[fix] pytest and fix dyn grid bug

2024-03-13 17:28:32 +08:00 · 2024-03-13 17:28:32 +08:00 · 1821a6dab0
parent 633e95b301
commit 1821a6dab0
4 changed files with 135 additions and 8 deletions
--- a/colossalai/inference/config.py
+++ b/colossalai/inference/config.py
@ -10,6 +10,8 @@ import torch
 import torch.distributed as dist
 from transformers.generation import GenerationConfig
 from colossalai.inference.flash_decoding_utils import FDIntermTensors
 GibiByte = 1024**3
 logger = logging.Logger(__name__)
@ -45,13 +47,16 @@ class InputMetaData:
    block_tables: torch.Tensor = None
    sequence_lengths: torch.Tensor = None
-    fd_inter_tensor: torch.Tensor = None
+    fd_inter_tensor: FDIntermTensors = None
    batch_size: int = 64  # current_batch_size
    is_prompts: bool = False
    use_cuda_graph: bool = False
    kv_seq_len: int = 512
    head_dim: int = 32
    def __repr__(self) -> str:
        return f"InputMetaData(block_tables={self.block_tables}, sequence_lengths={self.sequence_lengths}, fd_inter_tensor={self.fd_inter_tensor}, batch_size={self.batch_size}, is_prompts={self.is_prompts}, use_cuda_graph={self.use_cuda_graph}, kv_seq_len={self.kv_seq_len}, head_dim={self.head_dim})"
@dataclass
 class InferenceConfig:
@ -117,9 +122,10 @@ class InferenceConfig:
    # cuda_graph
    use_cuda_graph: bool = False
-    max_context_len_to_capture: int = max_input_len * max_output_len
+    max_context_len_to_capture: int = 512
    def __post_init__(self):
        self.max_context_len_to_capture = self.max_input_len + self.max_output_len
        self._verify_config()
    def _verify_config(self) -> None:
--- a/colossalai/inference/core/engine.py
+++ b/colossalai/inference/core/engine.py
@ -118,6 +118,10 @@ class InferenceEngine:
        max_num_blocks = (max_context_len_to_capture + block_size - 1) // block_size
        input_tokens_ids = torch.zeros(max_batch_size, dtype=torch.long).cuda()

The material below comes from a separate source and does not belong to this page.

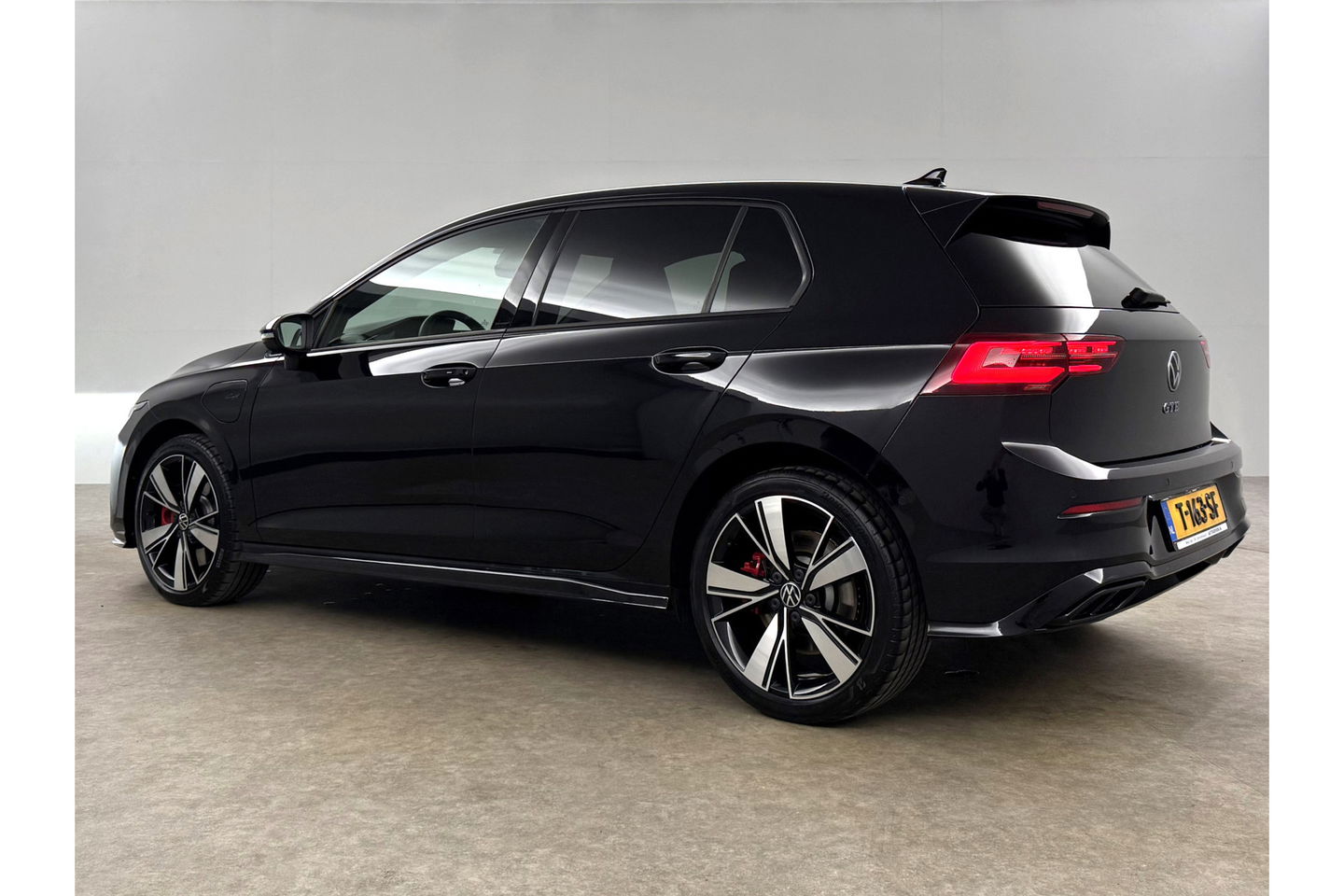 Volkswagen Golf 1.4 GTE 245PK Hybride DSG Sfeer Camera Carplay ACC IQ-Lights LED Virtual Clima Navi 18"LMV Stoel/Stuurverwarming PDC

        self.graph_block_tables = np.zeros((max(_BATCH_SIZES_TO_CAPTURE), max_num_blocks), dtype=np.int32)
        self.graph_block_tables[:, 0] = np.arange(max_num_blocks, max_num_blocks + max(_BATCH_SIZES_TO_CAPTURE))
        self.graph_block_tables[0, :] = np.arange(
            0, max_num_blocks
        )  # NOTE this is a hack to insure cuda grpah could capture the fixed cuda kernel grid in flash decoding, to make the first seqlen as the max_seq_len
        block_tables = torch.from_numpy(self.graph_block_tables).cuda()
        output_tensor = torch.zeros(
            (max_batch_size, self.model_config.num_attention_heads * head_dim), dtype=self.dtype, device=self.device
@ -127,6 +131,10 @@ class InferenceEngine:
        max_num_seqs = self.inference_config.max_batch_size
        batch_size_capture_list = [bs for bs in _BATCH_SIZES_TO_CAPTURE if bs <= max_num_seqs]
        sequence_lengths = torch.ones(max_batch_size, dtype=torch.int).cuda()
        # NOTE this is a hack to insure cuda grpah could capture the fixed cuda kernel grid in flash decoding, to make the first seqlen as the max_seq_len
        sequence_lengths[0] = torch.tensor(
            self.inference_config.max_context_len_to_capture - 1, dtype=torch.int32
        ).cuda()
        # NOTE: Capturing the largest batch size first may help reduce the
        # memory usage of CUDA graph.
@ -385,6 +393,13 @@ class InferenceEngine:
            head_dim=batch.head_dim,
        )
        # if not batch.is_prompts:
        #     self.logger.info(f"decoding")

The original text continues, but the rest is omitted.